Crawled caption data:
┏━━

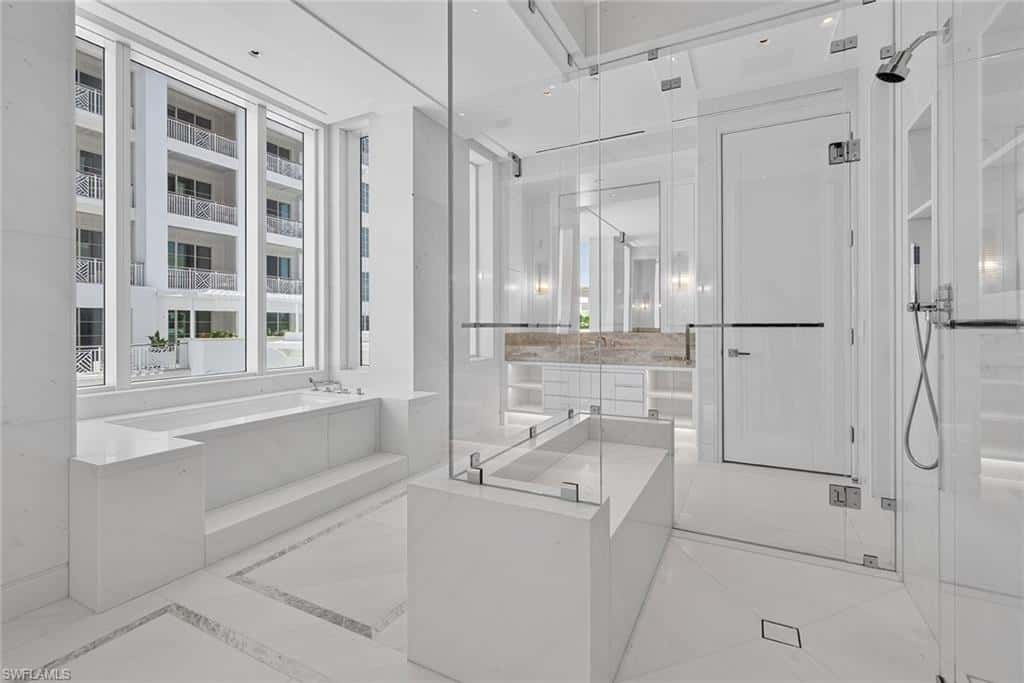 901 Gulf Shore Blvd #a-203, Naples, photo 24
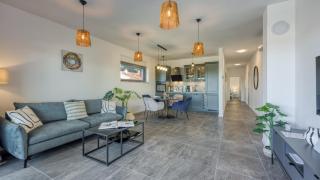 Apartment Adria 1 by Villas Guide - 2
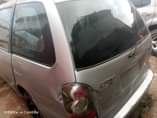 A picture of Mazda mpv cheap price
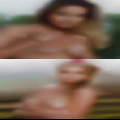 Sylmar, nude girls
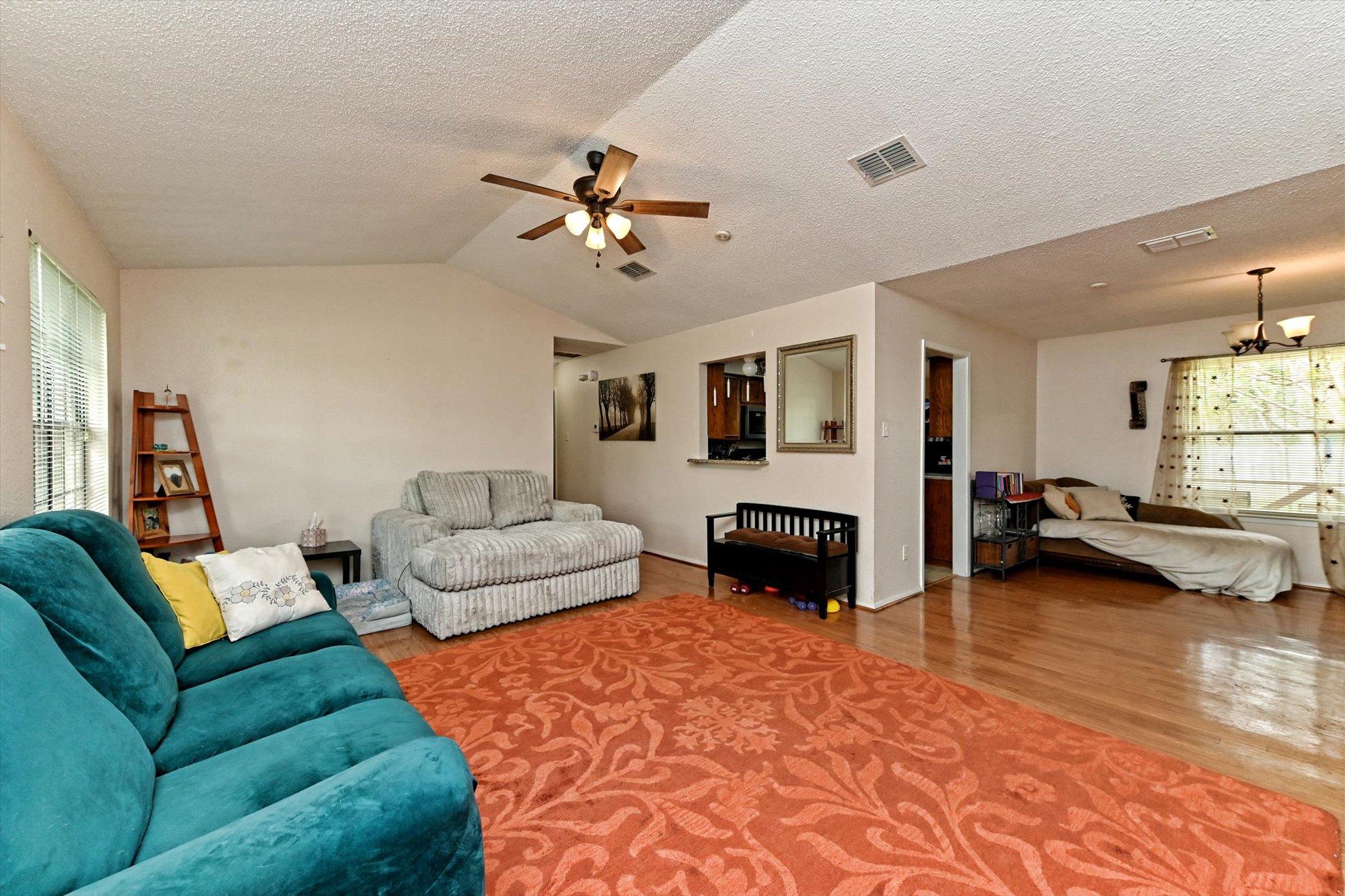 1306 Daytona DR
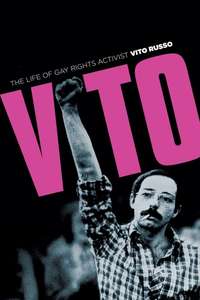 Vito - Poster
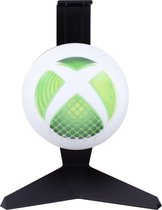 Paladone Xbox Icons - Lápara de flujo - Luz LED - Con cable
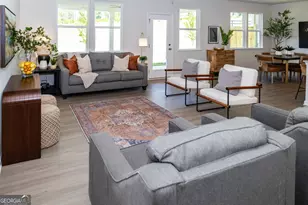 18 Umber Ln, Newnan, GA 30263 - Photo 33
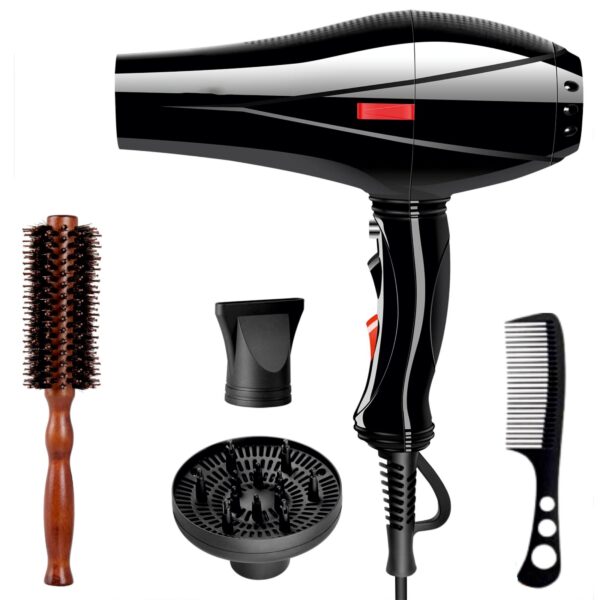 WhatsApp Image 2025-09-25 at 3.31.11 AM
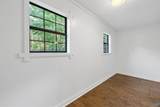 5008 County Road 121 - Photo 29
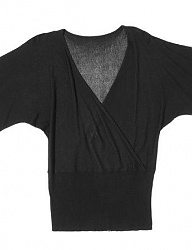 Moda Ciuchy Pozostałe - 43419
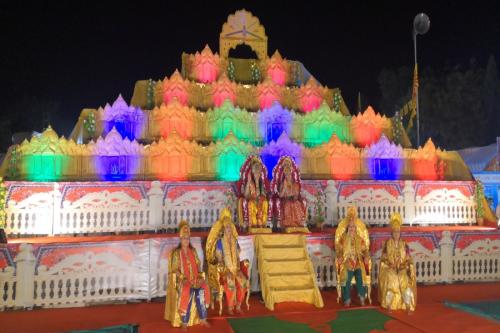 shantivan mela -2019 (13)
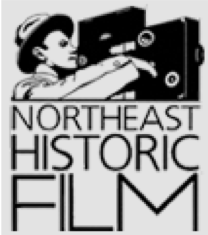 Northeast Historic Film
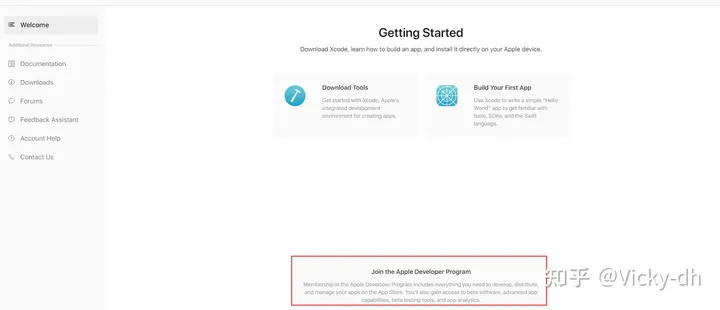 1699622683392384.png 1699622683392384.png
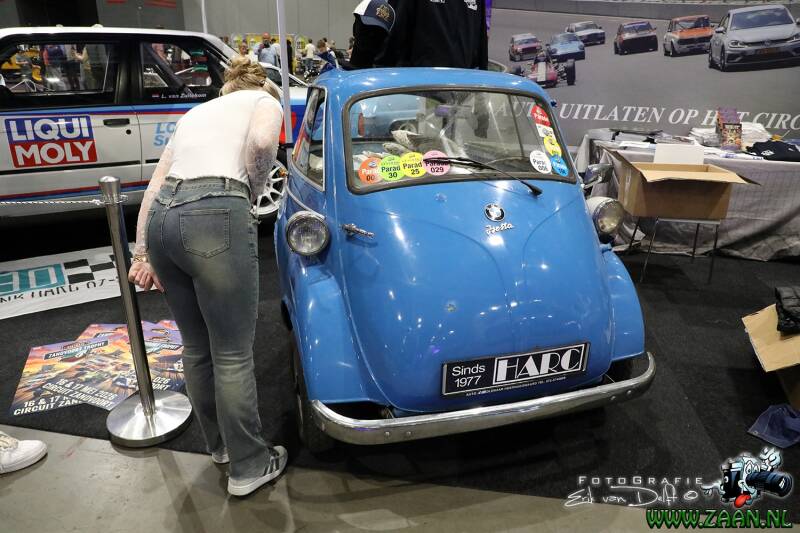 zaan3061-standard-vlrtua.jpg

┗━━

> Aim of the task: Can the entries above be repeated exactly, without their pictures?

> Exercise answer:
 901 Gulf Shore Blvd #a-203, Naples, photo 24
 Apartment Adria 1 by Villas Guide - 2
 A picture of Mazda mpv cheap price
 Sylmar, nude girls
 1306 Daytona DR
 Vito - Poster
 Paladone Xbox Icons - Lápara de flujo - Luz LED - Con cable
 18 Umber Ln, Newnan, GA 30263 - Photo 33
 WhatsApp Image 2025-09-25 at 3.31.11 AM
 5008 County Road 121 - Photo 29
 Moda Ciuchy Pozostałe - 43419
 shantivan mela -2019 (13)
 Northeast Historic Film
 1699622683392384.png 1699622683392384.png
 zaan3061-standard-vlrtua.jpg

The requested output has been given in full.